November 21, 2015 07:27 pm | Updated November 22, 2015 03:17 pm IST

There can be nothing to fear when Bond is here. And so the balance is restored till the next Bond hits the screens.

In this image released by Metro-Goldwyn-Mayer Pictures/Columbia Pictures/EON Productions, Daniel Craig appears in a scene from the James Bond film, "Spectre."

Daniel Craig is back as 007, sporting the usual sharp suits and his sexy pout. He travels the world—from Mexico City to Austria and Tangier via Rome. There’s the spectacularly exciting opening sequence set on the Day of the Dead in Mexico City, where Bond is aiming to take a shot at a certain Signor Sciarra. It quickly leads to a gravity-defying helicopter fight in which Bond, expectedly, emerges unscathed.

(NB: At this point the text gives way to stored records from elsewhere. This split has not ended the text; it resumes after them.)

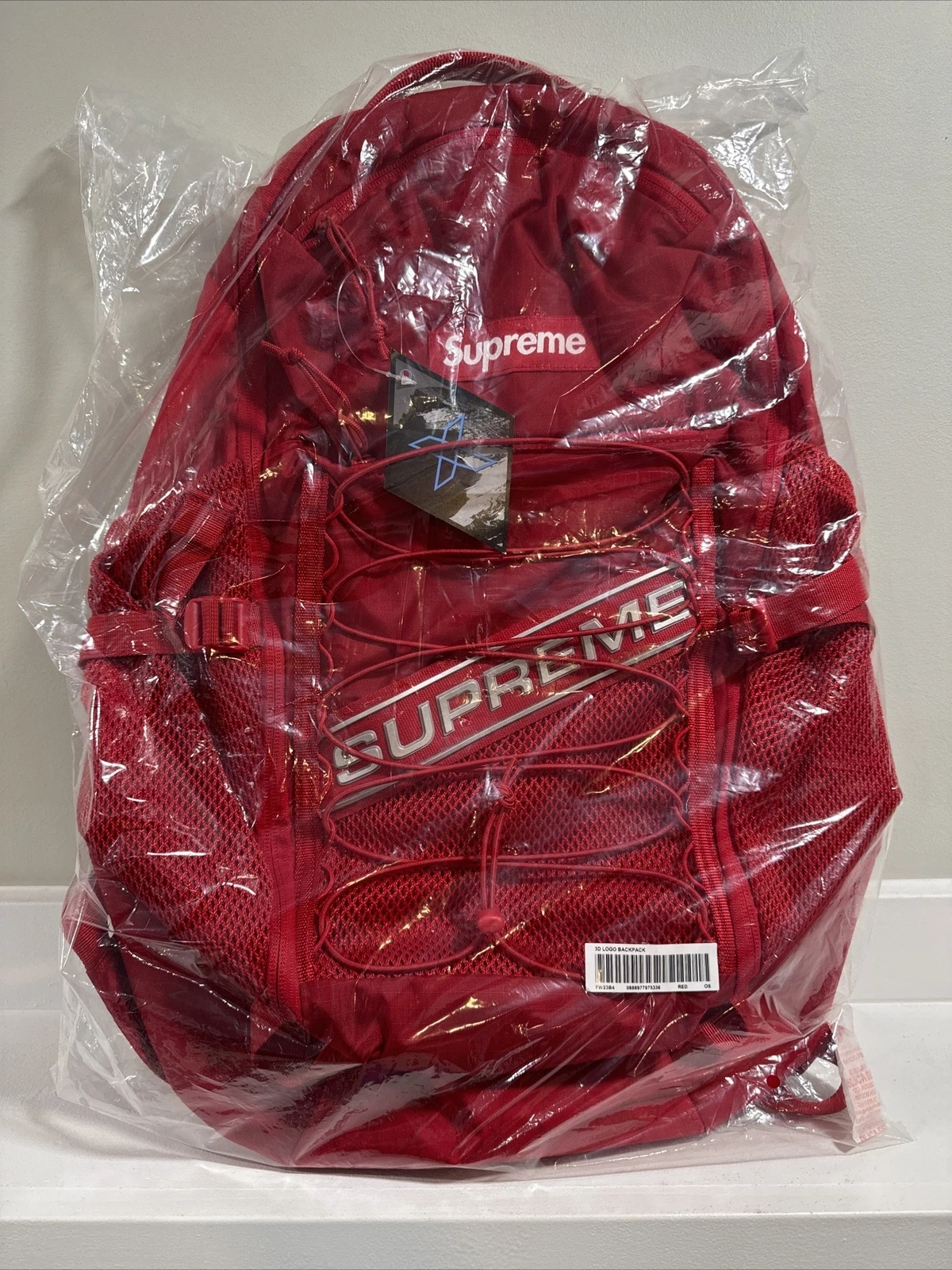 Sac à dos logo Supreme 3D rouge FW23 Supreme New York 2023 flambant neuf gratuit S&H américains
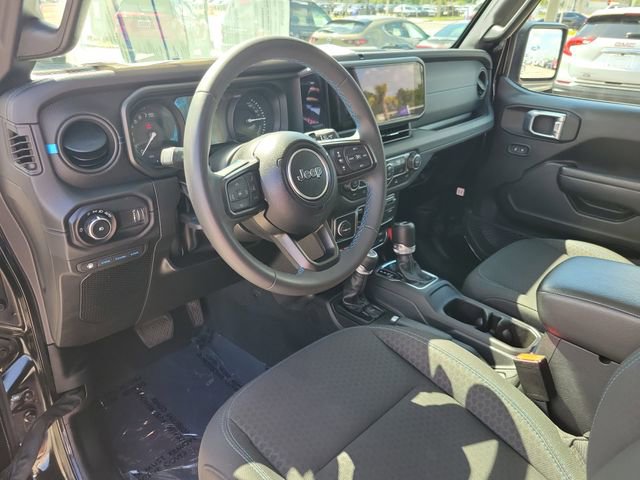 Used 2024 Jeep Wrangler Unlimited Rubicon 4xe AWD/4WD image 21
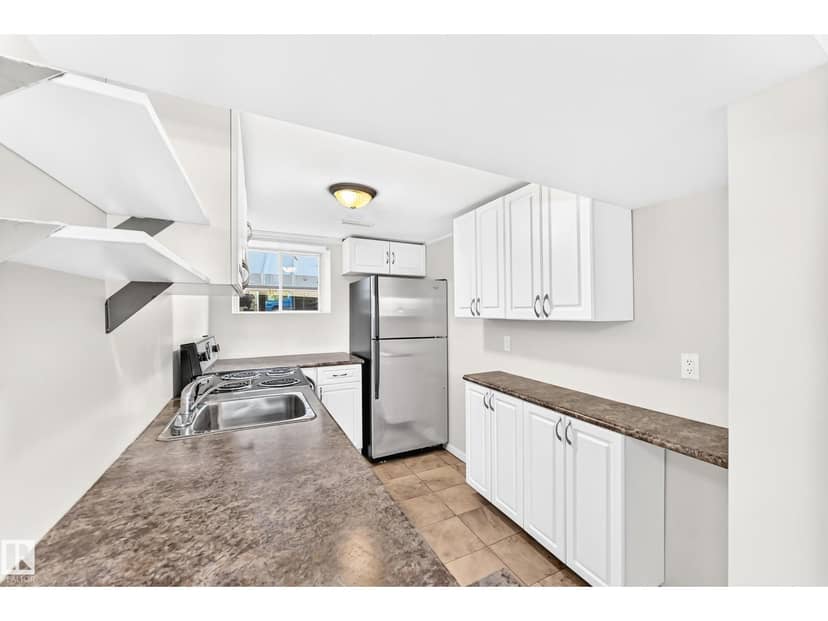 9536 155 ST NW — photo 39 of 40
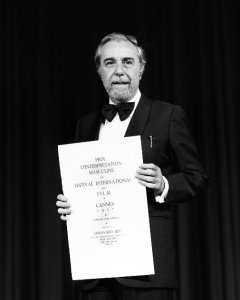 Fernando Rey, recogiendo el premio a la mejor interpretación masculina del Festival de Cannes de 1977, por la película 'Elisa, mon Amour', de Carlos Saura. AFP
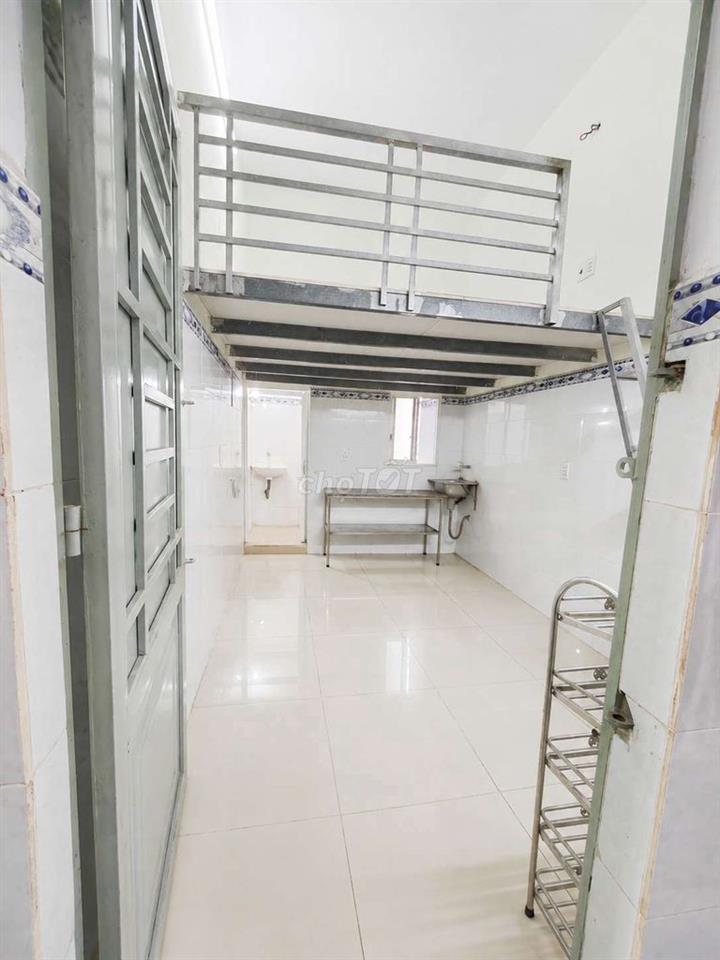 Đuplex 30M2 - Gác Cao 1M9 - Trướng Chinh - Giá Sinh Viên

There are more such stunning action set-pieces that play out against majestic backdrops, one aboard a moving train. And of course, all ends well eventually in the streets of London. But the adrenalin rush comes in fits and spurts. Perhaps it’s my own fatigue with the Bond franchise and the knowledge of exactly where it will go and how things will turn out that makes the old-fashioned and nicely campy Spectre not as gripping a ride as I would have wanted it to be.

Genre: Thriller Cast: Daniel Craig, Ralph Fiennes, Andrew Scott, Lea Seydoux, Ben Whishaw, Christoph Waltz Director: Sam Mendes Storyline: Bond discovers the terrible truth behind SPECTRE

There is the good, old villainy—death through punctured eyes and mind manipulation—and a villain who says lines like: “from horror comes beauty”. And you can only giggle. There’s more throwaway humour. Like Moneypenny on being asked about what a friend is doing so late in her house: “It’s called life, James. You should try it sometime.” Of the women, Monica Bellucci, as the mysterious widow, walks in and out of the frames. It’s the brooding beauty of Dr. Madeleine Swann (Seydoux) that makes Bond’s heart skip a beat. There’s even a whiff of a “walk away into sunset romance” here.

Last but not the least, the villainy gets a touch of politics too. Bond is not just fighting Blofeld, but locking horns with an anti-democratic surveillance that comes in the form of Max Denbigh aka C (Scott). C wants British intelligence to come out of the Dark Ages, which means imminent obsolescence for 007 and M (Fiennes) in the face of a new computer stakeout programme that C is helming. He wants global intelligence agencies to come together, eventually all for Spectre’s good. But of course, there can be nothing to fear when Bond is here. And so the balance is restored till the next Bond hits the screens.